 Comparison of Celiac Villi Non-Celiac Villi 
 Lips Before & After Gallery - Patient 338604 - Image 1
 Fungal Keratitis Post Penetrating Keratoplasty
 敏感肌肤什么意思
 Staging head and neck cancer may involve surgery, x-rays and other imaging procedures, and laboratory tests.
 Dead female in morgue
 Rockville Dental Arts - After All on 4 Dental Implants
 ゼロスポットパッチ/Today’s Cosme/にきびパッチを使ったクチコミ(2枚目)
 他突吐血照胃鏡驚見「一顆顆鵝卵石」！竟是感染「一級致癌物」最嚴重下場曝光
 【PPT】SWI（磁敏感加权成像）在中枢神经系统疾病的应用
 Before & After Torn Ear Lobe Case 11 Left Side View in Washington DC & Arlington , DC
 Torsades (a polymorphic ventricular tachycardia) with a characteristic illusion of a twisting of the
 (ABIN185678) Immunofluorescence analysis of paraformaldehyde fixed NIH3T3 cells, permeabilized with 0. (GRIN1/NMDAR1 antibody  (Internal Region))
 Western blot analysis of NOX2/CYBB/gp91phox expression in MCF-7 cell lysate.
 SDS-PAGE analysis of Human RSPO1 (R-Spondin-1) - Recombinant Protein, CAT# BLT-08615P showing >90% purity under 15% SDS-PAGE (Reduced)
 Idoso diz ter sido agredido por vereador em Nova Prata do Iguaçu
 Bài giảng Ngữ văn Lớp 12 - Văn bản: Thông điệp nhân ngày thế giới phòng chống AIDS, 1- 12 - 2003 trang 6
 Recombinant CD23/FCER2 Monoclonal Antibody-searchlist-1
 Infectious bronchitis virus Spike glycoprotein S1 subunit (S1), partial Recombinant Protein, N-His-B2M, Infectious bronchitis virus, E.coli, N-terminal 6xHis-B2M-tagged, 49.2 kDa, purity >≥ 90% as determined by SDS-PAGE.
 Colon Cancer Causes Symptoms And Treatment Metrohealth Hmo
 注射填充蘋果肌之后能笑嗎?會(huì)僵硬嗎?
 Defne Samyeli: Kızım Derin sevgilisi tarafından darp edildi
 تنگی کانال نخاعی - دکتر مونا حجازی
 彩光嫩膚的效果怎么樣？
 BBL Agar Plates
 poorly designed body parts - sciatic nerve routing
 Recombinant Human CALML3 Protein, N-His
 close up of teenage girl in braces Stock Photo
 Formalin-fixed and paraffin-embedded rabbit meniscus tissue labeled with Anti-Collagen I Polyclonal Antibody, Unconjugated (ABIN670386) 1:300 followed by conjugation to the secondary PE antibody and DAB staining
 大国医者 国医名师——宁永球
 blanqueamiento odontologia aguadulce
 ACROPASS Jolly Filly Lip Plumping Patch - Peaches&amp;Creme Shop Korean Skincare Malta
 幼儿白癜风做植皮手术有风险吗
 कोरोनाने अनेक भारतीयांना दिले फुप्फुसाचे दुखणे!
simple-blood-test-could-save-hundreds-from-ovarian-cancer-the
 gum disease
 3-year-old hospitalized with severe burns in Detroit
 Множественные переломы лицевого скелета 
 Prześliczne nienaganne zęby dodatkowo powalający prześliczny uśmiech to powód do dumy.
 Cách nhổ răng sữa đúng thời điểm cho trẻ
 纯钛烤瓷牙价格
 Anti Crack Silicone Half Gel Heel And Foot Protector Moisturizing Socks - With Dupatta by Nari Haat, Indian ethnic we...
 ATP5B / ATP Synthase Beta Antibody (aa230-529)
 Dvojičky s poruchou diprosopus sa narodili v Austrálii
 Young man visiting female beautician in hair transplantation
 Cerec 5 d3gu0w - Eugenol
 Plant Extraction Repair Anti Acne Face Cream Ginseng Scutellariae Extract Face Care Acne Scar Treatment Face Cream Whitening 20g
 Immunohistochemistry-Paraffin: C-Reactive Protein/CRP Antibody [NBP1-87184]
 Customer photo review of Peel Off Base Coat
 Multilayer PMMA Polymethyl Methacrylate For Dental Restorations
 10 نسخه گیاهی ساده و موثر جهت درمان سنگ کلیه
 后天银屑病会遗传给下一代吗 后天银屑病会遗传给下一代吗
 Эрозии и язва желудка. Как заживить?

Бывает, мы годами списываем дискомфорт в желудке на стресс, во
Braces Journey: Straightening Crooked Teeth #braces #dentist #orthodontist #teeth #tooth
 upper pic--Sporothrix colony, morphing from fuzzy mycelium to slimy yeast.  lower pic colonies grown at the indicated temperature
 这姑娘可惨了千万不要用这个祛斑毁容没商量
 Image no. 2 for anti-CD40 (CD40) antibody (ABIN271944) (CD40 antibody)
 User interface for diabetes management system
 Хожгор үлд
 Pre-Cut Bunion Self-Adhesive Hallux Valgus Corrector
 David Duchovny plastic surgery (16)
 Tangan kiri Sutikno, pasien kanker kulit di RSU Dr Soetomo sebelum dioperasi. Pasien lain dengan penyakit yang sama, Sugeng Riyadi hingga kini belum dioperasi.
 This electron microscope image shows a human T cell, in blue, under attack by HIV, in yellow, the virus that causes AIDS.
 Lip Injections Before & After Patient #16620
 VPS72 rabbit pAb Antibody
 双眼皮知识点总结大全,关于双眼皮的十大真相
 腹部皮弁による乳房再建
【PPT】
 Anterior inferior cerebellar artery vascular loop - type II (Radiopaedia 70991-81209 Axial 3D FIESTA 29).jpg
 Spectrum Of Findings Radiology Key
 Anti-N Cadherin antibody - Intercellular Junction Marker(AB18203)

────────────────

### WHAT YOU HAVE TO DO:
Going line by line through the data, tally each one that includes the string "AIDS", and answer with the tally only.

### TASK RESULT:
2